Gemini 3.1 Pro: 77.1% on ARC-AGI-2, Hallucination Rate Dropped from 88% to 44%
Release
February 20, 2026—Google officially launches Gemini 3.1 Pro.
This is the non-reasoning mode version of the February 13 Gemini 3 Deep Think, prioritizing practicality and generalization over specialized reasoning breakthroughs.
Core Numbers
ARC-AGI-2 Benchmark
| Model | ARC-AGI-2 Score | vs Previous Gen |
|---|---|---|
| Gemini 3.0 Pro | 31.1% | — |
| Gemini 3.1 Pro | 77.1% | +148% |
Score more than doubled. On ARC-AGI-2—considered one of the best benchmarks for measuring general reasoning—77.1% was the highest ever for a non-reasoning mode model at the time.

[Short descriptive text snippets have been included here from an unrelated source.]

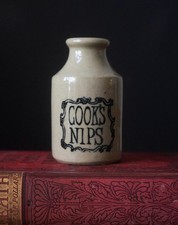 Vintage Cook’s Nips Pottery Crock 4” tall Liquor Bottle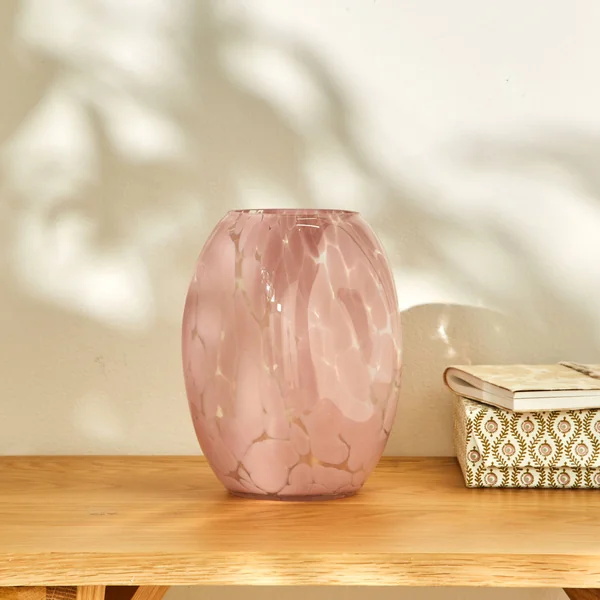 Vase en verre tacheté, parme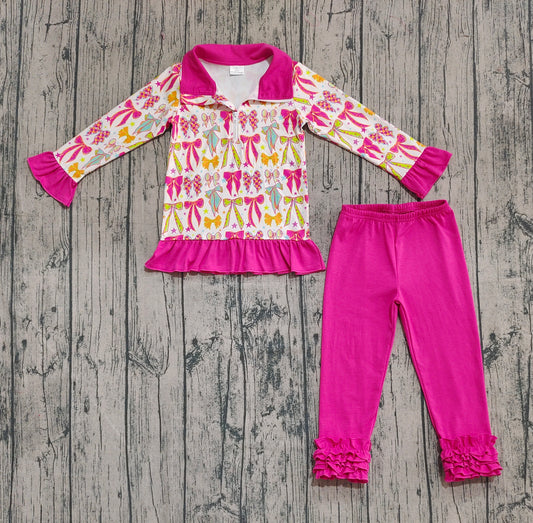 (Pre-order)GLP2616 Colorful Bows Zipper Pullover Top Hot Pink Pants Girls Fall Clothes Set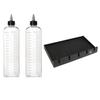 Segbeauty Hair Dye Bottle & Barber Clipper Tray, 2pcs 16.9oz Twist-On Top Tip Cap Squeeze Bottle with Ratio Graduated Scale, 5 Notches Professional Barber Clipper Holder Clipper Rack Non-slip Black view 1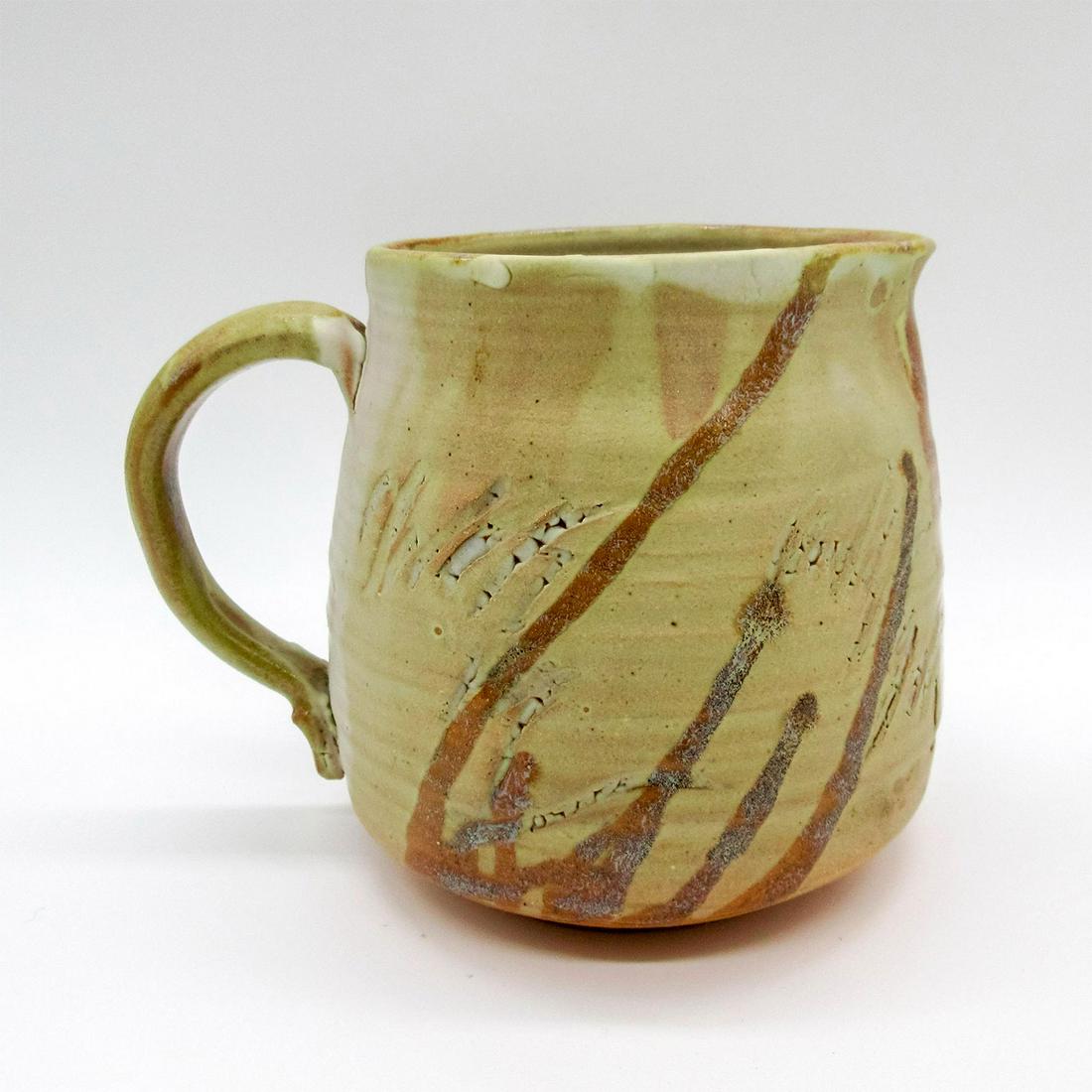 Signed Handmade Pottery Glazed Jug (1 of 3)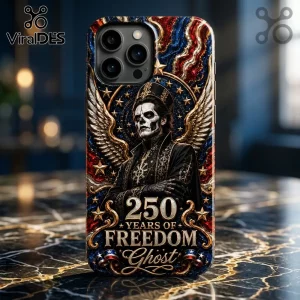 Ghost band iPhone case featuring Papa Emeritus, red white and blue patriotic background, and 250 Years of Freedom text.!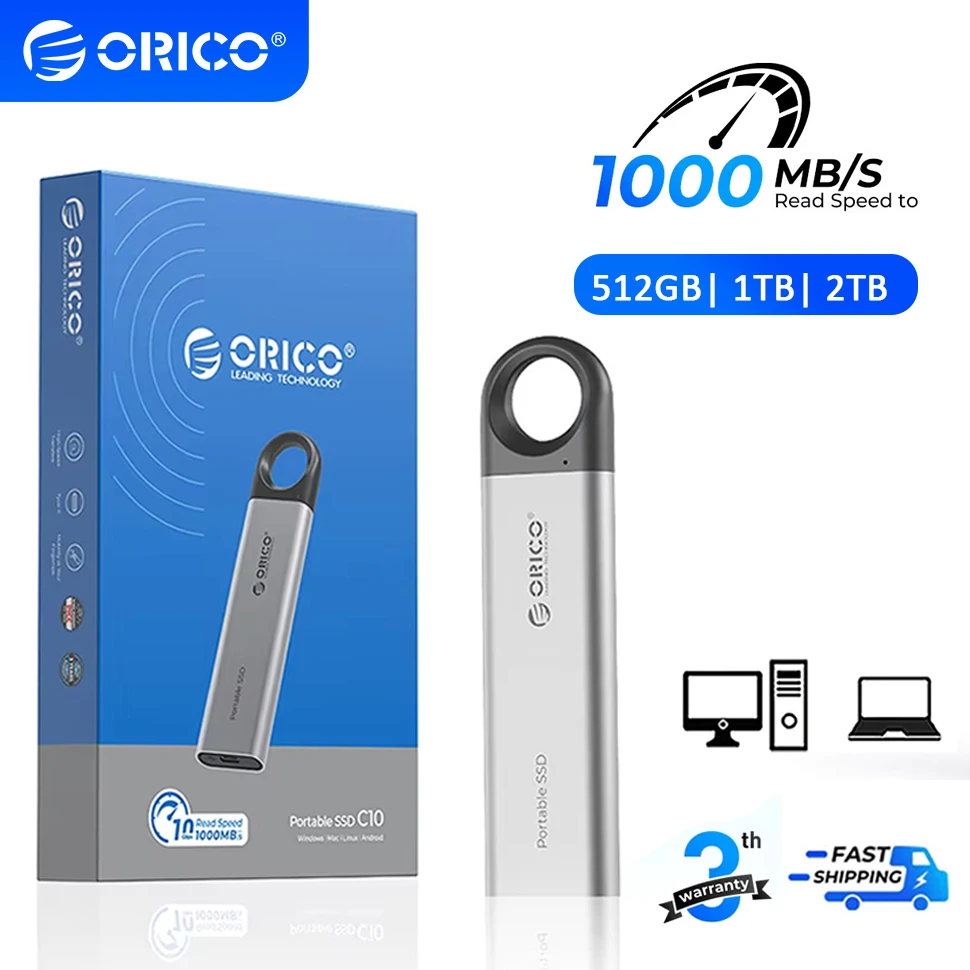ORICO Portable External SSD Solid State Drive 2TB 1TB 512GB Hard Disk USB 3.2 HD Type C 10Gbps PSSD Up to 1050MB/s for PC Laptop
ORICO Portable External SSD Solid State Drive 2TB 1TB 512GB Hard Disk USB 3.2 HD Type C 10Gbps PSSD Up to 1050MB/s for PC Laptop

Hallucination Rate Improvement
| Model | Hallucination Rate |
|---|---|
| Gemini 3.0 Pro | 88% |
| Gemini 3.1 Pro | 44% |
Cut in half. Google didn’t disclose the exact evaluation methodology (different benchmarks define hallucination differently), but the magnitude is notable.
Tool Use (APEX-Agents)
| Model | APEX-Agents |
|---|---|
| Gemini 3.0 Pro | 18.4% |
| Gemini 3.1 Pro | 33.5% |
Tool call success rate improved ~82%.
How It Differs from Deep Think Mode
Deep Think (February 13) is a dedicated reasoning mode that gives the model maximum thinking time—high latency is the tradeoff.
3.1 Pro is the practical mode, with normal latency. It uses some distillation techniques to transfer Deep Think’s reasoning capability, retaining most of the reasoning gains while returning to acceptable latency.
Meaning for Developers
77.1% on ARC-AGI-2 means this model is quite capable on complex abstract reasoning tasks. A viable choice for products requiring understanding of complex rules and multi-step inference.
44% hallucination rate is still not low, but for use cases involving long document understanding and multi-step reasoning, 3.1 Pro is substantially more usable than the previous generation.